**THE TASK**
Your answer should be the line containing "Lady holding a large cooked fish" and each line after it through the end of the data below, repeated exactly.

------ RECORD EXCERPTS ------

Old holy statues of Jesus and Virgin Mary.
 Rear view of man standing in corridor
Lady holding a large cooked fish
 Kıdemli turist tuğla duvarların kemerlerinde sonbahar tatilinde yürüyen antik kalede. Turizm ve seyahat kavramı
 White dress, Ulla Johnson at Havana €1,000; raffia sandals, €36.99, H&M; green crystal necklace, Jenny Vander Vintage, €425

------

**SOLVED PROBLEM**
Lady holding a large cooked fish
 Kıdemli turist tuğla duvarların kemerlerinde sonbahar tatilinde yürüyen antik kalede. Turizm ve seyahat kavramı
 White dress, Ulla Johnson at Havana €1,000; raffia sandals, €36.99, H&M; green crystal necklace, Jenny Vander Vintage, €425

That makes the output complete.